▶ [The input]:

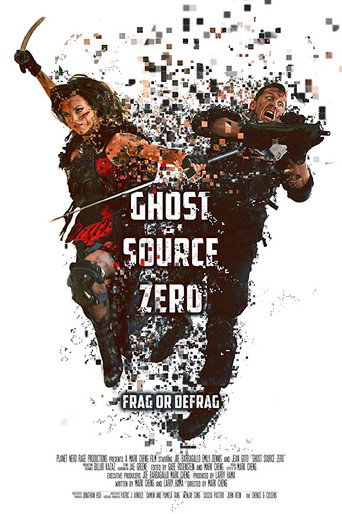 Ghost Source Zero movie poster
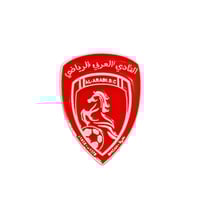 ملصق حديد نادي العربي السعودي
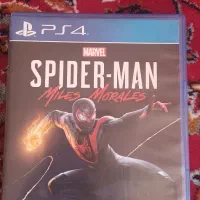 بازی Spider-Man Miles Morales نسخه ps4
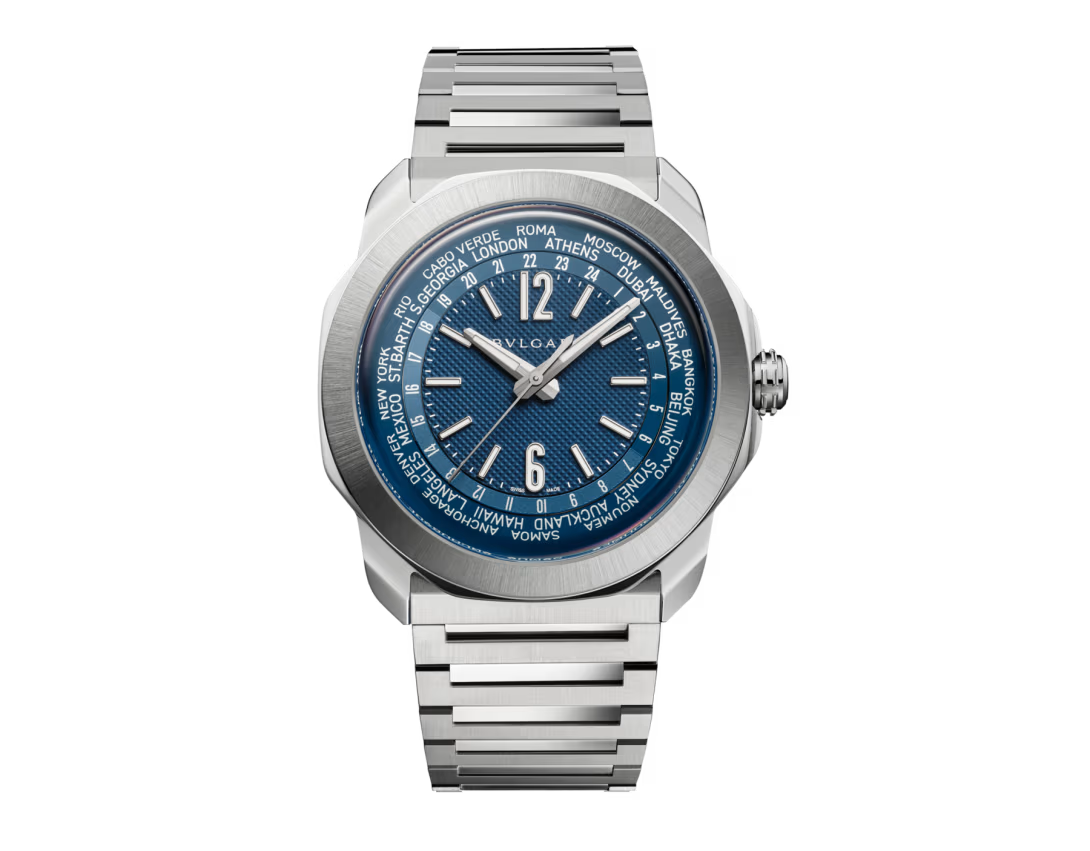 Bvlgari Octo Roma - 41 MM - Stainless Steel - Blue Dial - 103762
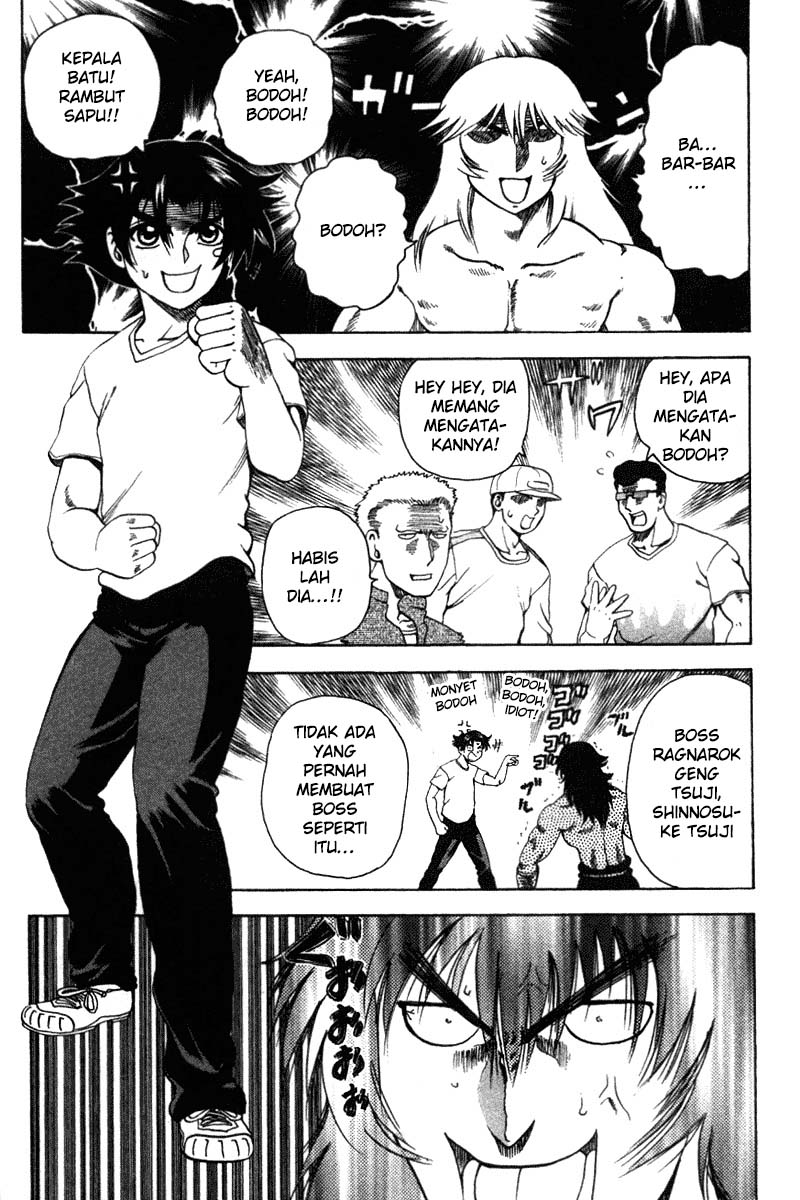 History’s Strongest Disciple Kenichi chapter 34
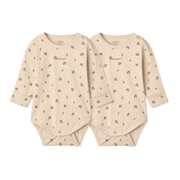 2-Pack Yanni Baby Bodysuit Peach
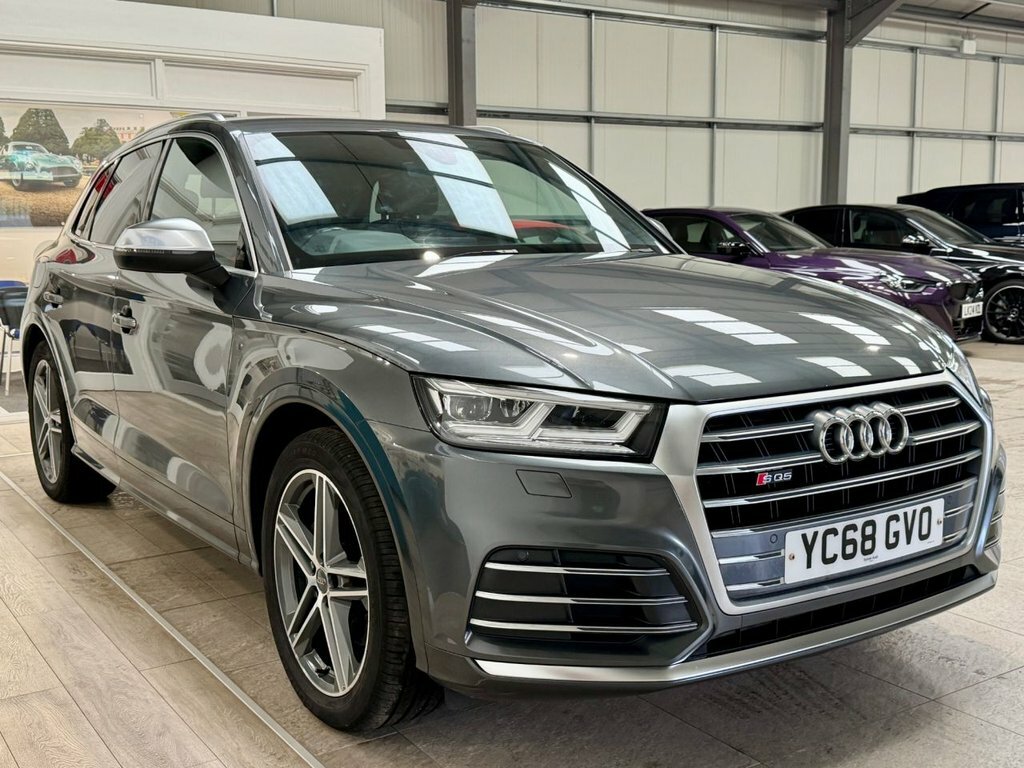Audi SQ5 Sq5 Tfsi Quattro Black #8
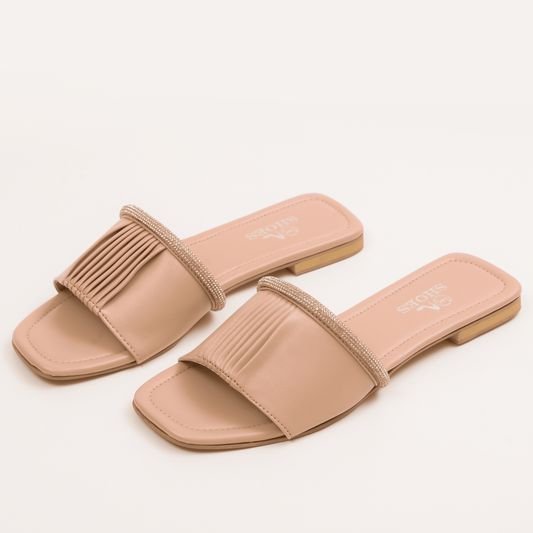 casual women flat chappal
---
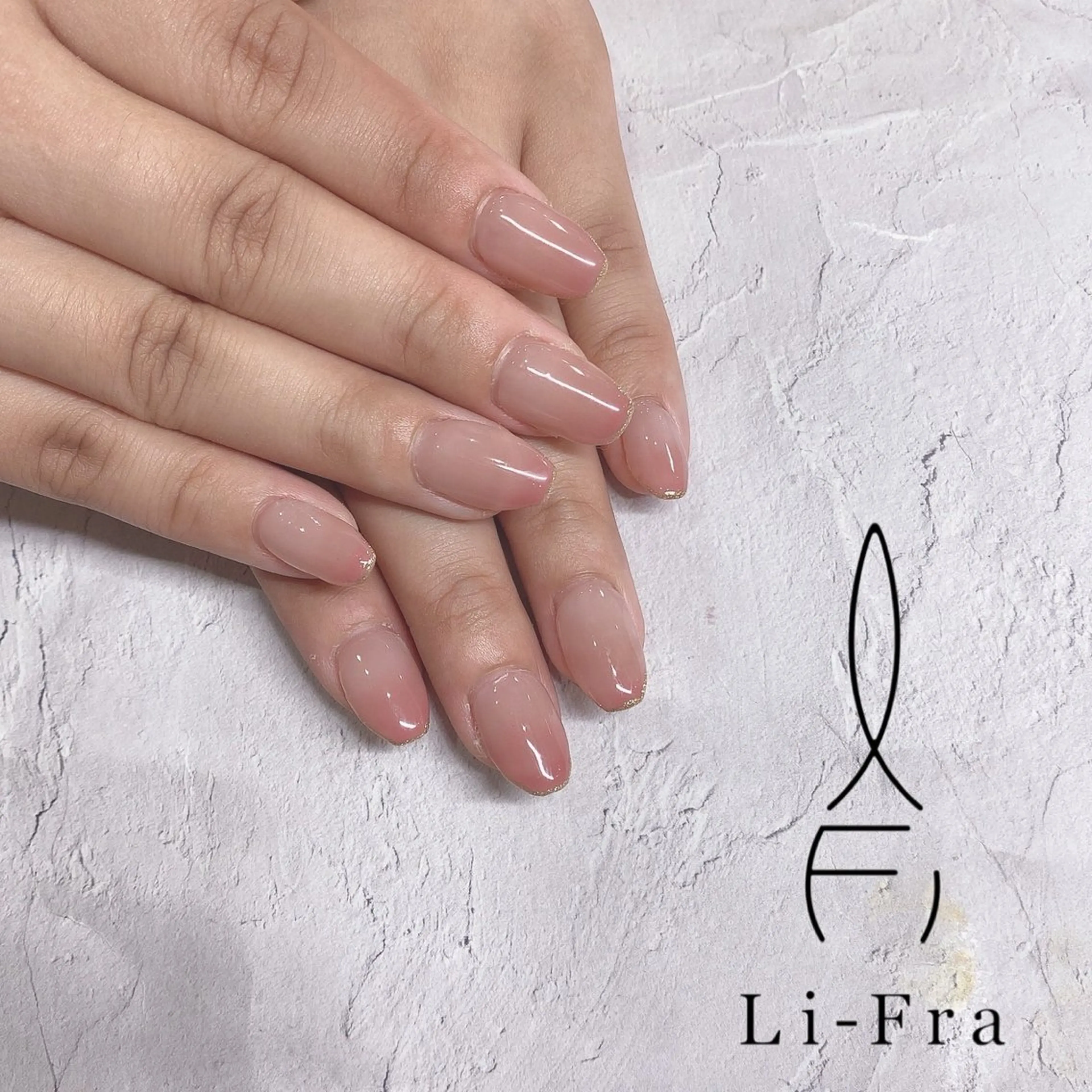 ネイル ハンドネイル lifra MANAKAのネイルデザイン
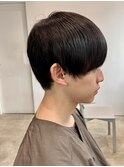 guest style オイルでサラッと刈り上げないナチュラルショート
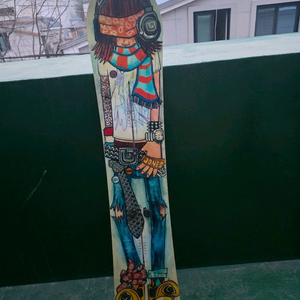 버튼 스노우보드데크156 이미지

▶ [The problem]:
For this exercise, reproduce exactly the lines of the records above from the one with "ملصق حديد نادي العربي السعودي" up to and including the one with "casual women flat chappal", without pictures.

▶ [Answer space]:
 ملصق حديد نادي العربي السعودي
 بازی Spider-Man Miles Morales نسخه ps4
 Bvlgari Octo Roma - 41 MM - Stainless Steel - Blue Dial - 103762
 History’s Strongest Disciple Kenichi chapter 34
 2-Pack Yanni Baby Bodysuit Peach
Audi SQ5 Sq5 Tfsi Quattro Black #8
 casual women flat chappal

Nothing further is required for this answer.